--- Data listing ---
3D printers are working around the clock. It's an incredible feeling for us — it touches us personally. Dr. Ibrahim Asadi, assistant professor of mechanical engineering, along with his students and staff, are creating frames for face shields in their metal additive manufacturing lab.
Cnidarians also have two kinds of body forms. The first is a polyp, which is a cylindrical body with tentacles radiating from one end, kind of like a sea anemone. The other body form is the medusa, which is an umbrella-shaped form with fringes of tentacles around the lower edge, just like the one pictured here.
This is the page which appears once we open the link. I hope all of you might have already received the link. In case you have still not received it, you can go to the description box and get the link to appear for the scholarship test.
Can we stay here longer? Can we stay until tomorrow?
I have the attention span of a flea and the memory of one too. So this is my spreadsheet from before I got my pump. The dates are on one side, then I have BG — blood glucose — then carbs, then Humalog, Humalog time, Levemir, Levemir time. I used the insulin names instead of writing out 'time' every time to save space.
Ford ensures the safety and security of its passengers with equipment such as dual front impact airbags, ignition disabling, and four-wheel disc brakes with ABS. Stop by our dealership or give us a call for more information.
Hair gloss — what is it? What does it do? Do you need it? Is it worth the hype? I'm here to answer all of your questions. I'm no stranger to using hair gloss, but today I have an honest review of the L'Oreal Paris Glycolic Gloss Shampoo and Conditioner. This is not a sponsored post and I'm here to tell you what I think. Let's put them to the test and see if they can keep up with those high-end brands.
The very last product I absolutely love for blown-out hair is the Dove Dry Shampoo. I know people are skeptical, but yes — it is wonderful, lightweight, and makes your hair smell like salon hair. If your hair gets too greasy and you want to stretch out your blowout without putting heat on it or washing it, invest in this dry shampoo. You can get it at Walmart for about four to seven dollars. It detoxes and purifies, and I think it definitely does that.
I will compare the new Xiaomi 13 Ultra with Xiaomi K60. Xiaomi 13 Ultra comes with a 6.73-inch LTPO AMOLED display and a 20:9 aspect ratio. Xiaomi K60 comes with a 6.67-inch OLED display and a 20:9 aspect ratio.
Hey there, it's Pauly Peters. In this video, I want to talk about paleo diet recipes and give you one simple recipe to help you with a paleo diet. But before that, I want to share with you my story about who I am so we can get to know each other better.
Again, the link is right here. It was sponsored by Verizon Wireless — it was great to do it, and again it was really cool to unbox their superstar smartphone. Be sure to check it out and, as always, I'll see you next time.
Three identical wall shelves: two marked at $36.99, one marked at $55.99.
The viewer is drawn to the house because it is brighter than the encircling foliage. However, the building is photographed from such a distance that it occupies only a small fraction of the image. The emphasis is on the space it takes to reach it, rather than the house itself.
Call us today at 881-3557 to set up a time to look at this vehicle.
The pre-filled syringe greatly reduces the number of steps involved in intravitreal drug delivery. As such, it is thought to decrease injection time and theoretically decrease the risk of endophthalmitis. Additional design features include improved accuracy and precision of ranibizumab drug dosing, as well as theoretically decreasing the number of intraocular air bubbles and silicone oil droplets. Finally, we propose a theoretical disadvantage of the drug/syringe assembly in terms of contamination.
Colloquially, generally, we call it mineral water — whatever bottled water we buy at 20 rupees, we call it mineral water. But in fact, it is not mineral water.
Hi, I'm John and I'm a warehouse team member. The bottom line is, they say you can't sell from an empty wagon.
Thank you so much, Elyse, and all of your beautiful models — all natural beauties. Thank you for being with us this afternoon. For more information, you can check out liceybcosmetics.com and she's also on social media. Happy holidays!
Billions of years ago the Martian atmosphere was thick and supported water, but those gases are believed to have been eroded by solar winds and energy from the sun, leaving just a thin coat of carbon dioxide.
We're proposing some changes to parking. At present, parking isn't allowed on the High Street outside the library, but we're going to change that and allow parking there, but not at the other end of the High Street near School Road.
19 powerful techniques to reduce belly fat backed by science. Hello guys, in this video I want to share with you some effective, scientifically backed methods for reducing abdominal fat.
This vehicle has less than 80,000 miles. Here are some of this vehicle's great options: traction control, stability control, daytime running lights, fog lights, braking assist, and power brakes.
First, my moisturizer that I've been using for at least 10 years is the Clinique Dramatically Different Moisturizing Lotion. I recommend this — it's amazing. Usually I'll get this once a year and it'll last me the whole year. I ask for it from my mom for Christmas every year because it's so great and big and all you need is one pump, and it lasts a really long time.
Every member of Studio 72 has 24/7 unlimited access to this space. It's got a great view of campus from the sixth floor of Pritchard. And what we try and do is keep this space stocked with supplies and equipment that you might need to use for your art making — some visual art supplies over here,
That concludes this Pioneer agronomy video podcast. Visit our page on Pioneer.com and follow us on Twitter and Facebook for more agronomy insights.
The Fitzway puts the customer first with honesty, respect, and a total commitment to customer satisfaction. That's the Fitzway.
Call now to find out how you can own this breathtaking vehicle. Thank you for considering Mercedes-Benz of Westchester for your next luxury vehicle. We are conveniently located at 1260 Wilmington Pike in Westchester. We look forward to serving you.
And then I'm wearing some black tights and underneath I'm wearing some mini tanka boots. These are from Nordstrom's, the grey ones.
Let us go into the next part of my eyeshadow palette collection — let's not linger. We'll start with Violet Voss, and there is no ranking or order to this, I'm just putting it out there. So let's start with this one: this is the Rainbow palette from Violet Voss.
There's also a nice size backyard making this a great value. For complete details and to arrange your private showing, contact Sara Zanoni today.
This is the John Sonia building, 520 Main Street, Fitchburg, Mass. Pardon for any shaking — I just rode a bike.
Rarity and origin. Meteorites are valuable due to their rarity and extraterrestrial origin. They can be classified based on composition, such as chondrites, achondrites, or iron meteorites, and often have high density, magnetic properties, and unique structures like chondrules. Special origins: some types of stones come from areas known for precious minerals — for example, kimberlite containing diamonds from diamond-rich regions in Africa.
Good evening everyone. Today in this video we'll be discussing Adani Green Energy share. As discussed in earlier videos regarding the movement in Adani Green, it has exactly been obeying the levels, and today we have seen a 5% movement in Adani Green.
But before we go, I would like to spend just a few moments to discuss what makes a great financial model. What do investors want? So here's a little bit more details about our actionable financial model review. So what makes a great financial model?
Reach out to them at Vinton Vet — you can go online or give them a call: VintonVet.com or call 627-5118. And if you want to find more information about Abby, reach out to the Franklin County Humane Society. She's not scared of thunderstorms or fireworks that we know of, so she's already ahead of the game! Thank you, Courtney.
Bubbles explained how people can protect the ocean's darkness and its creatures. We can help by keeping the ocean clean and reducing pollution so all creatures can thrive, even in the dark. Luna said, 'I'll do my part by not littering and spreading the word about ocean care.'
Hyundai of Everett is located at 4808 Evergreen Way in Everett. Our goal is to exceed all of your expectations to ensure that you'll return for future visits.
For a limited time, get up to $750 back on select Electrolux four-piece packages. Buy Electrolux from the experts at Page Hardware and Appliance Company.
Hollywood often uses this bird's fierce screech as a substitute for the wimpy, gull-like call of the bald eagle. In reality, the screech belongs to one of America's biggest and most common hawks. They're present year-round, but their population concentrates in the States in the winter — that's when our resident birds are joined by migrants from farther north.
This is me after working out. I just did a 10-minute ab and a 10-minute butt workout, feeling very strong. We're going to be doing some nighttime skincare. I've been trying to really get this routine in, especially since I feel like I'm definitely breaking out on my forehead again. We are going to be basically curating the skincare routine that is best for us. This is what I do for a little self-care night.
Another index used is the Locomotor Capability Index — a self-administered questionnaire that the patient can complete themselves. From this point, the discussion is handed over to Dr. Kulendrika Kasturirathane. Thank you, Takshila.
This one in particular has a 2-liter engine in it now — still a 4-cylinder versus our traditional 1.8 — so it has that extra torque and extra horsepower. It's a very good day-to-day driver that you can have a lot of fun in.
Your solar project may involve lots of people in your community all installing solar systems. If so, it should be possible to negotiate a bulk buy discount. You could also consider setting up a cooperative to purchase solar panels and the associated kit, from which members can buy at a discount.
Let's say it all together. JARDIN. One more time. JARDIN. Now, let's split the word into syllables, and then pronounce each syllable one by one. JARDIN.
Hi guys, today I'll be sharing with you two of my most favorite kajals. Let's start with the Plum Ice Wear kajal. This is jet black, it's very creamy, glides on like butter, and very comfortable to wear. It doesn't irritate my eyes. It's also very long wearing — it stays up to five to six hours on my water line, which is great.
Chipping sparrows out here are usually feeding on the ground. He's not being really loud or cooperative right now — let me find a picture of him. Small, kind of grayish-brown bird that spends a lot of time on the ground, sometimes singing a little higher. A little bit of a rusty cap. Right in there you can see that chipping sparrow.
---
Set down exactly the lines from the start of the records to the line with "Cnidarians also have". Include that line, and add nothing more.

Response to the exercise:
3D printers are working around the clock. It's an incredible feeling for us — it touches us personally. Dr. Ibrahim Asadi, assistant professor of mechanical engineering, along with his students and staff, are creating frames for face shields in their metal additive manufacturing lab.
Cnidarians also have two kinds of body forms. The first is a polyp, which is a cylindrical body with tentacles radiating from one end, kind of like a sea anemone. The other body form is the medusa, which is an umbrella-shaped form with fringes of tentacles around the lower edge, just like the one pictured here.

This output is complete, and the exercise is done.